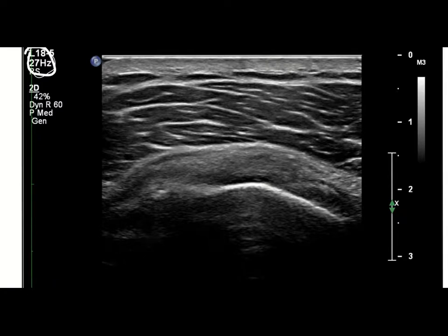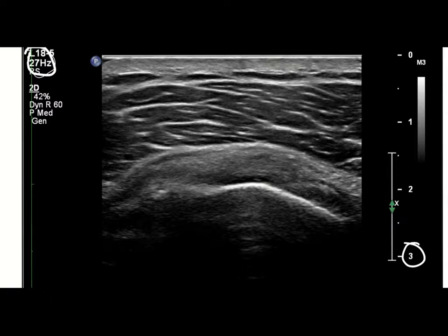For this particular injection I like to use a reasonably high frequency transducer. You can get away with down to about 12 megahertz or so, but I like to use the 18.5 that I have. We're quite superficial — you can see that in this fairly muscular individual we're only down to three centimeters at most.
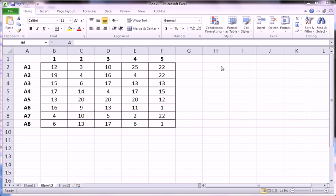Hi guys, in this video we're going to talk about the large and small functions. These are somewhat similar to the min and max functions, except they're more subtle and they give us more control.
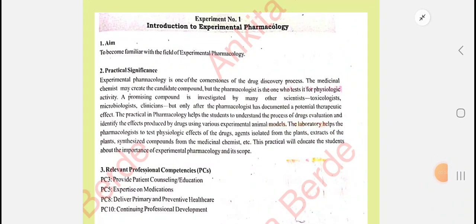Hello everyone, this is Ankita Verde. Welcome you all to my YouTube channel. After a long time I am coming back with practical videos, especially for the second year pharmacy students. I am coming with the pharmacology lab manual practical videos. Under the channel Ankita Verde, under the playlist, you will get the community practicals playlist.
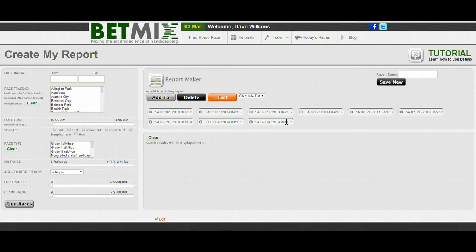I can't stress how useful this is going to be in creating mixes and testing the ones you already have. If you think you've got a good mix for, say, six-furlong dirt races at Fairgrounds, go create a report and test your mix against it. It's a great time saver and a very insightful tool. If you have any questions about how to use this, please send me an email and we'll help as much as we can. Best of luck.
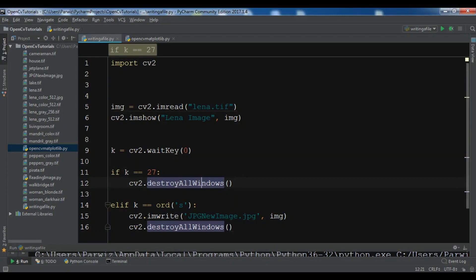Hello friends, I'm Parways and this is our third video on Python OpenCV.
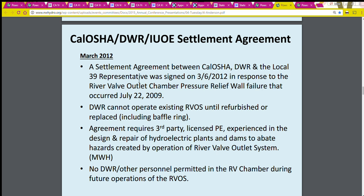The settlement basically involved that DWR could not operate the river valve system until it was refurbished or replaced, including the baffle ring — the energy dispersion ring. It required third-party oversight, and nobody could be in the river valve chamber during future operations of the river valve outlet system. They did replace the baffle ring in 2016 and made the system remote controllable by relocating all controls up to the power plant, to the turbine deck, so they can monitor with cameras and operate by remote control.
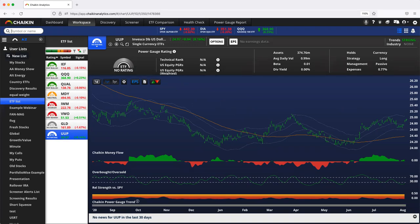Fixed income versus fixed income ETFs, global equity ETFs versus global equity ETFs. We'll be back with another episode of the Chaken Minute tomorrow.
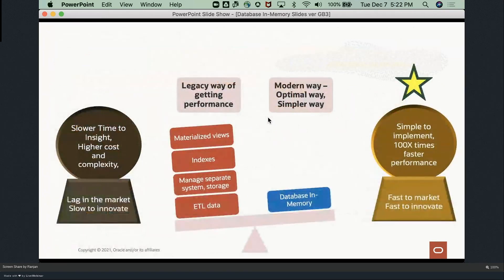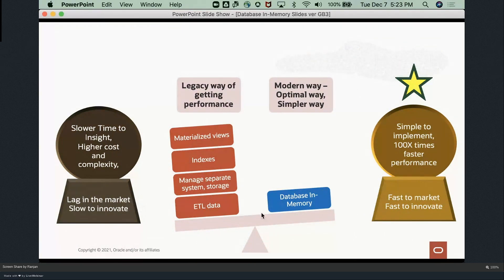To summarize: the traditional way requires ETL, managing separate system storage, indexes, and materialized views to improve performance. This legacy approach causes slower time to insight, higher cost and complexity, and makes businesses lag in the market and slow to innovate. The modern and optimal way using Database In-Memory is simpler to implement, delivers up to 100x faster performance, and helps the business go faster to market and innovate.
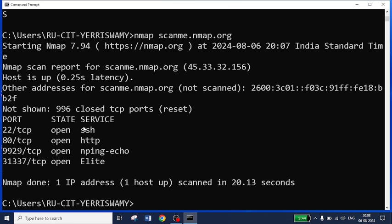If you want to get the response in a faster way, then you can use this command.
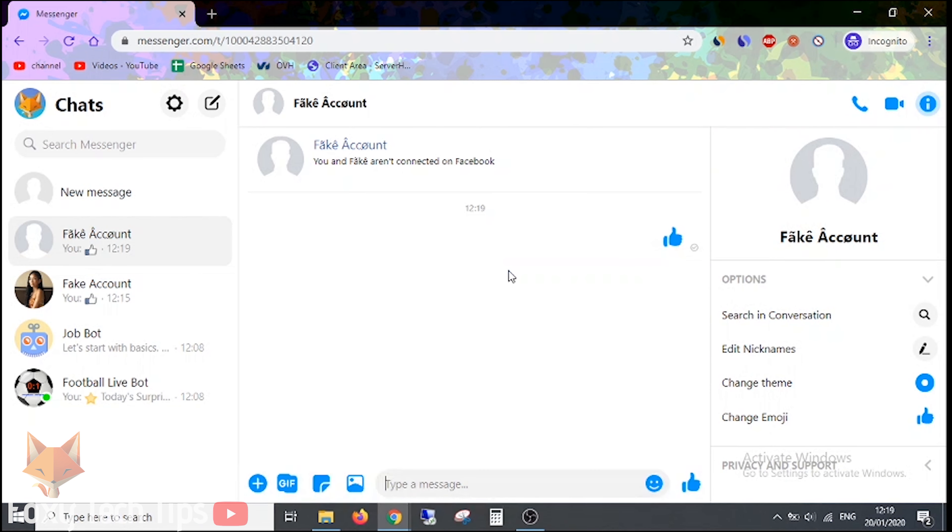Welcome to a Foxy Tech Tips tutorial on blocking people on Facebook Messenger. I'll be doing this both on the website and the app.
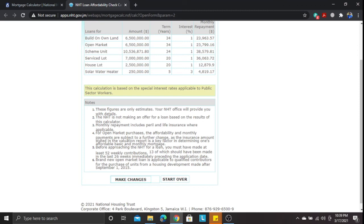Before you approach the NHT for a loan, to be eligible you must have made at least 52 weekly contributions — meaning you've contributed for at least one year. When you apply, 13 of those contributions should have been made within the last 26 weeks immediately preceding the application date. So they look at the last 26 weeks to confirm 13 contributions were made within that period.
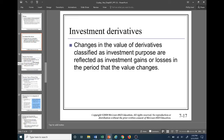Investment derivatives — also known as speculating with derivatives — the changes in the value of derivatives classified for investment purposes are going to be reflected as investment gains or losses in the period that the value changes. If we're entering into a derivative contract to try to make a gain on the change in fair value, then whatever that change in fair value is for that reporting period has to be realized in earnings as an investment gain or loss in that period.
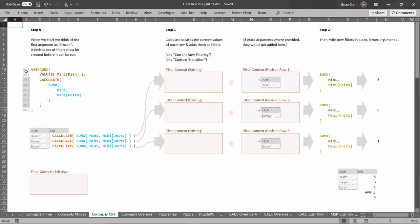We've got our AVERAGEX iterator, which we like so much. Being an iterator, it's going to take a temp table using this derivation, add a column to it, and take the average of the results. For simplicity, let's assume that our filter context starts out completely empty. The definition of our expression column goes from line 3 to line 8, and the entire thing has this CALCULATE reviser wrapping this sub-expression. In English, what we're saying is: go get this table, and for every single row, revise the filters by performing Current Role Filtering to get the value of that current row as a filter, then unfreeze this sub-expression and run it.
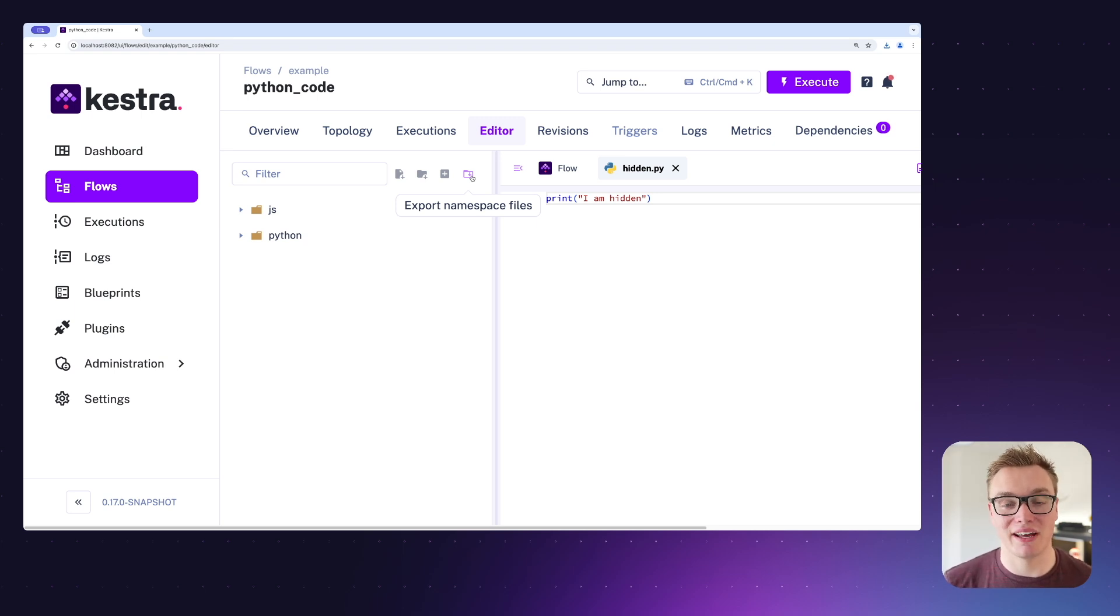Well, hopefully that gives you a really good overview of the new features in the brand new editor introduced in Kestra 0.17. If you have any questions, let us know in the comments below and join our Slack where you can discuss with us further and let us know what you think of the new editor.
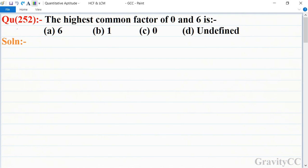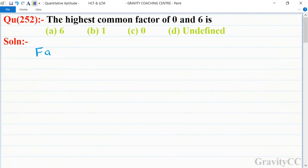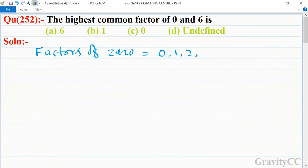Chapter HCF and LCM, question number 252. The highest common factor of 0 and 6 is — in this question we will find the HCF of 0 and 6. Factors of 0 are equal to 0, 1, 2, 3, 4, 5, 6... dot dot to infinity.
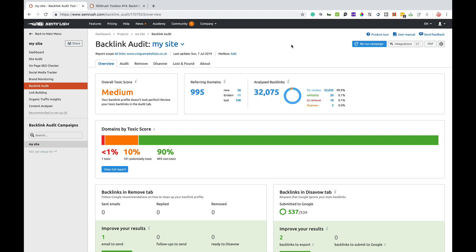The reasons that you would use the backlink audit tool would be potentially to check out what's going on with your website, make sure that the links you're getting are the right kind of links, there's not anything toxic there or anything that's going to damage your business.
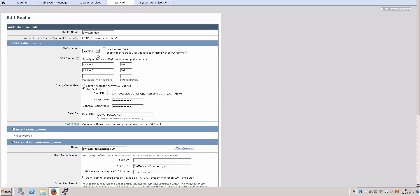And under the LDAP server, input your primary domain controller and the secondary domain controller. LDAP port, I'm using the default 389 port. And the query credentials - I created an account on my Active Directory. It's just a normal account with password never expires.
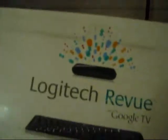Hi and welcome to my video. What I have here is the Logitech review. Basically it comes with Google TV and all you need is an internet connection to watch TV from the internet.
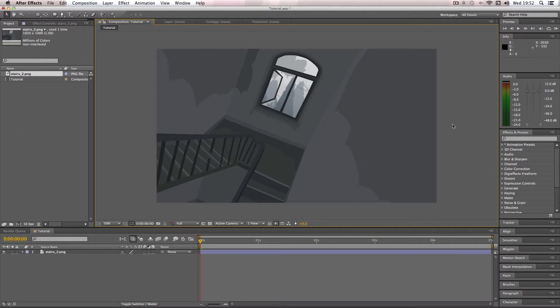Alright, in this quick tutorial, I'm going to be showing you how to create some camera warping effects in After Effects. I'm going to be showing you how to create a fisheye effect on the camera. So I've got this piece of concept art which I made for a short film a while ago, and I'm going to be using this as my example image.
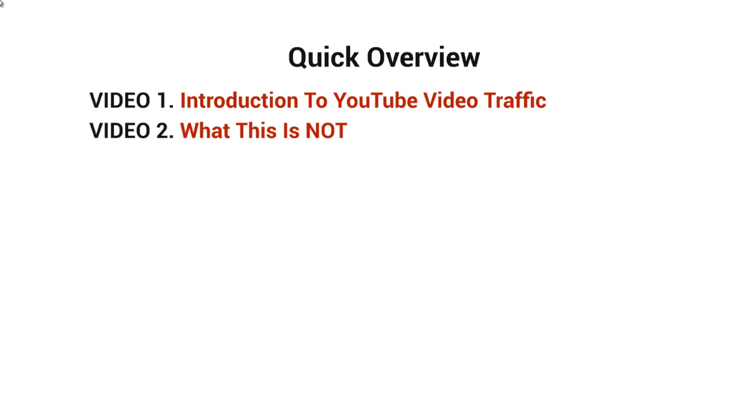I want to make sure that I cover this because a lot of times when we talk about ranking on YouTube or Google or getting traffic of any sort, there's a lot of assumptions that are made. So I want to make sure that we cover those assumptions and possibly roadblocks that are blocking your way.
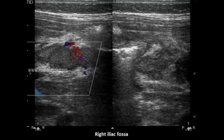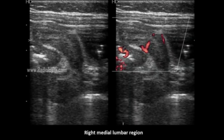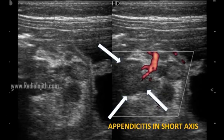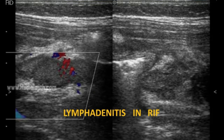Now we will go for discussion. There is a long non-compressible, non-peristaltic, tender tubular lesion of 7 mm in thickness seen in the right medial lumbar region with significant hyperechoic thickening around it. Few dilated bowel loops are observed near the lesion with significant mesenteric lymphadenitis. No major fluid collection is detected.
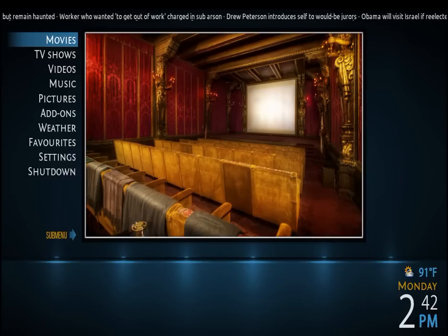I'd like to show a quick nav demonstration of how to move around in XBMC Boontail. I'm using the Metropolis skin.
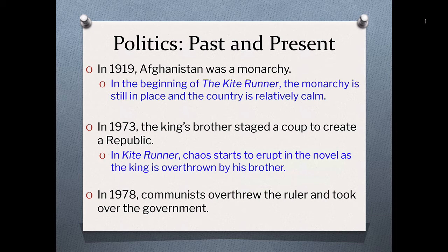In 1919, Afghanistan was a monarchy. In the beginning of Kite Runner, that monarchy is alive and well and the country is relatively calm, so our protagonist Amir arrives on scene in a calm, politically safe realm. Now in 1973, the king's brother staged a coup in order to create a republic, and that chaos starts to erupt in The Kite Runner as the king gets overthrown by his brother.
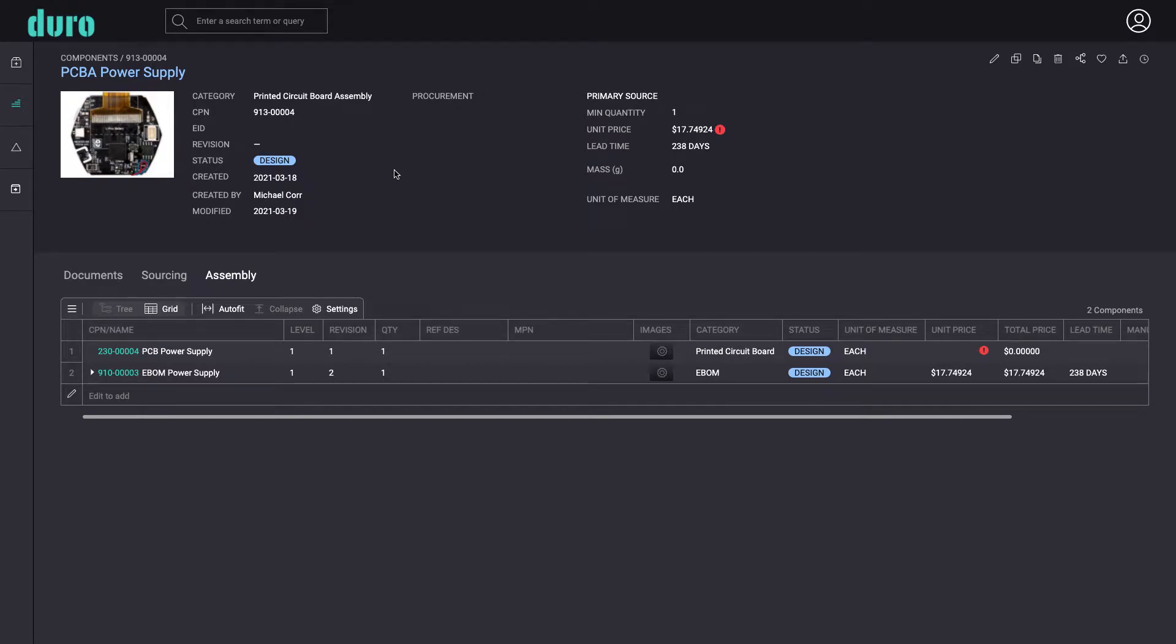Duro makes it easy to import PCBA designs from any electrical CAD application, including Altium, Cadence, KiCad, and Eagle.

§ §

▶ [Task brief]:
Output exactly the lines above, beginning at the one with "The reasons that" and stopping after the one with "I'd like to". Pictures are to be omitted.

▶ [Exercise response]:
The reasons that you would use the backlink audit tool would be potentially to check out what's going on with your website, make sure that the links you're getting are the right kind of links, there's not anything toxic there or anything that's going to damage your business.
And under the LDAP server, input your primary domain controller and the secondary domain controller. LDAP port, I'm using the default 389 port. And the query credentials - I created an account on my Active Directory. It's just a normal account with password never expires.
Hi and welcome to my video. What I have here is the Logitech review. Basically it comes with Google TV and all you need is an internet connection to watch TV from the internet.
Alright, in this quick tutorial, I'm going to be showing you how to create some camera warping effects in After Effects. I'm going to be showing you how to create a fisheye effect on the camera. So I've got this piece of concept art which I made for a short film a while ago, and I'm going to be using this as my example image.
I want to make sure that I cover this because a lot of times when we talk about ranking on YouTube or Google or getting traffic of any sort, there's a lot of assumptions that are made. So I want to make sure that we cover those assumptions and possibly roadblocks that are blocking your way.
Now we will go for discussion. There is a long non-compressible, non-peristaltic, tender tubular lesion of 7 mm in thickness seen in the right medial lumbar region with significant hyperechoic thickening around it. Few dilated bowel loops are observed near the lesion with significant mesenteric lymphadenitis. No major fluid collection is detected.
I'd like to show a quick nav demonstration of how to move around in XBMC Boontail. I'm using the Metropolis skin.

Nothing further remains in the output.